Shares of Tesla fell 5.66% in after-hours trading.
Much of the event was more history lesson than a forecast of future business — although the nuance was that, of course, all roads lead to the future. And large sections of the event were dedicated to operational efficiencies and efforts to reduce cost at virtually every level of company. (which normally investors like).
Perhaps the most interesting parts are what was not said. Musk and an unusually long lineup of department leads did not share new details on Tesla’s next-generation EV and its upcoming factory in Mexico nor did they address current issues with its Full Self-Driving software that is currently unavailable to those who opted to buy the $15,000 option due to a recall.
Still, there was some news and insights from the event. Here’s a roundup highlighting the big stuff.
20 million EVs a year by 2030
This isn’t a new goal for Tesla.
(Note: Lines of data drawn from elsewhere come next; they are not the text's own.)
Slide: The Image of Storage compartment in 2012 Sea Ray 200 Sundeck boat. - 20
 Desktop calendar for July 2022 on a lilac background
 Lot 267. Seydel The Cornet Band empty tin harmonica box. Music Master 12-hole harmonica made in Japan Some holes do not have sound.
But a string of executives, who came on stage to talk about everything from manufacturing and raw materials to design, charging and batteries, all really tried to prove their case for how they would reach that goal.
The slide above shows the existing portfolio, the Model S, Model X, Model Y and Model 3 — as well as the Tesla Semi and the Cybertruck, and two veiled vehicles.
It’s worth looking at the 20 million vehicles per year number for a bit of a reality check. Tesla produced 1,369,611 and delivered 1,313,851 vehicles in 2022. Toyota, the global sales leader, sold 10.5 million vehicles last year.
That means, and follow the math, Tesla would need to increase its production (and sales mind you) about 15 times from 2022.
So, how will Tesla achieve this? Musk said it’s not a demand problem (a phrase he has used repeatedly in the past). The tough part is building the darned things, he said. Tesla’s answers are: vertical integration, scaling existing factories and building new ones, making the manufacturing process more efficient and adding a few more models. (But, interestingly, not too many; Musk said maybe 10 models total).
Vertical integration and slashing costs
Tesla is famous for its constant push towards vertical integration. It’s the only car company in recent memory that took on making its own seats, for instance.
That message continued at the investor event, with executives discussing different pieces of the vertical-integration goal. Tesla has brought in house already, including building its own chip. But the company has continued to push the bounds of vertical integration, right down to the software it uses for in-house operations. Execs said that recently that got rid of an outsourced software for recruiting to use its own and that it developed its own purpose-built microprocessor for high-power electronics that will reduce costs by half.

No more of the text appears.